Although the weather was not very cooperative in terms of seeing a traditional sea breeze and characterizing the sea breeze front and associated convection (Fig. 3), the DOW presence was key to an impactful field experience for the REU cohort. Students were exposed to multiple scan strategies, including adjustments to PRF, pulse length, and elevation angles. Owing to the lack of deep convection or precipitation during the campaign, particular emphasis was placed on clear-air methods for detecting boundary-layer convection (horizontal convective rolls) in the vicinity (Fig. 4). The DOW returned to College Station on 25 July to set up for the next usage.

 
Figure 3. PPI at 1.0 degree of reflectivity and RHIs of reflectivity, KDP, and ZDR from 21 July 2015 from Galveston Island.
Figure 4. PPIs at 1.5 degrees of clear air return near Alvin, TX on 23 July 2015.

Youth Adventure Program (YAP) Meteorology CAMP

Wednesday, 29 July was the RADAR day for our YAP camp, combining a field deployment of DOW with usage of our own fixed S-Band Radar, ADRAD (Fig. 5). Two factors shaped our utilization of DOW for that day in execution:  First, DOW had experienced a major failure of systems, enabling no storage of collected data and limiting operation to approximately a 30 degree pie wedge facing the rear of the truck. Second, the weather continued to offer little to no appropriate targets.

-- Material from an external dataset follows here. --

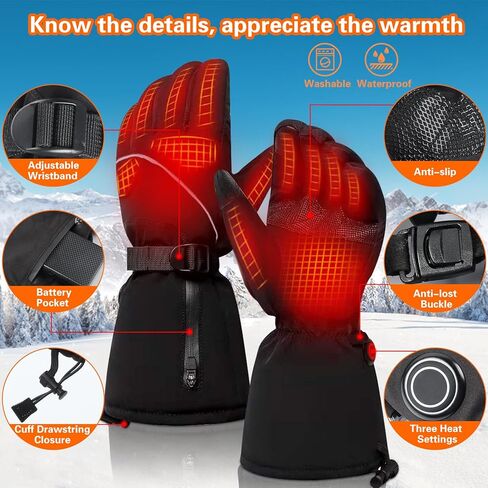 قفازات FineBud ساخنة للرجال والنساء، قفازات ساخنة قابلة لإعادة الشحن مع شاشة تعمل باللمس، قفازات دراجة نارية ساخنة بالبطارية مع 3 أوضاع لدرجة الحرارة، قفازات تسخين كهربائية مقاومة للماء لفصل الشتاء، والتزلج، والمشي لمسافات طويلة in Kuwait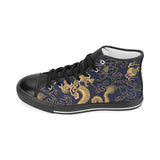 Gold dragon pattern Women's High Top Canvas Shoes Black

The decision was made to use DOW in the morning mostly in a show-and-tell mode, but utilizing the mast observations in conjunction with in-situ instruments at different heights manned by the high school students. This allowed DOW to begin its trip home a little earlier, which was favorable to the schedule of Ms. Gilliland. RADAR day continued in the hot afternoon with ADRAD.

Although DOW system failures limited its utility for YAP, the presence of the DOW did increase the impactfulness of our camp program. We received favorable comments from the students even though they did not get to see significant operation.

Figure 5a. YAP campers on Texas A&M campus.
Figure 5b. YAP campers on Texas A&M campus.

Summer SOAP Program

Although the formal portion of the Summer SOAP hands-on student research program ended prior to DOW arrival (we would have asked for earlier arrival but PECAN limited earliest availability), two activities provided opportunities for a portion of the students of this program to engage with the DOW. First, three of the SOAP students joined the REU cohort for the field experience, getting all the same benefits of working with the DOW. Second, a time was set up for an “open truck” that was available to SOAP students remaining in town, and a few were indeed able to get a DOW introduction.

“Open Truck” opportunities and Outreach

The DOW was set up in a relatively open parking lot on the edge of campus on three evenings, allowing for current and former students, as well as faculty and their families, to tour the radar. The Atmospheric Sciences Corporation SODAR was also operating next to DOW for visitors to have an explanation. During these three evenings, approximately 20 students, 4 faculty, and several family members and friends were able to see the DOW in operation. By the 3rd evening, the aforementioned system failures had reduced the DOW operation considerably, but for the purposes of this event, this did not have significant impact.

Individuals Reached by DOW

  • NSF REU:  12 students, 3 instructors
  • YAP Summer CAMP:  12 students, 3 counselors, 3 ATMO TAMU student helpers c.  SOAP:  5 students
  • Open DOW:  20 TAMU students, 4 faculty, 10 friends and family members:  34 total.
  • Outreach of opportunity:  2 citizens and one sherrif’s deputy stopped to inquired and received information on the Dow.  The deputy was intensely interested and received a full tour.
  • In total, approximately 75 individuals experienced the DOW on this deployment.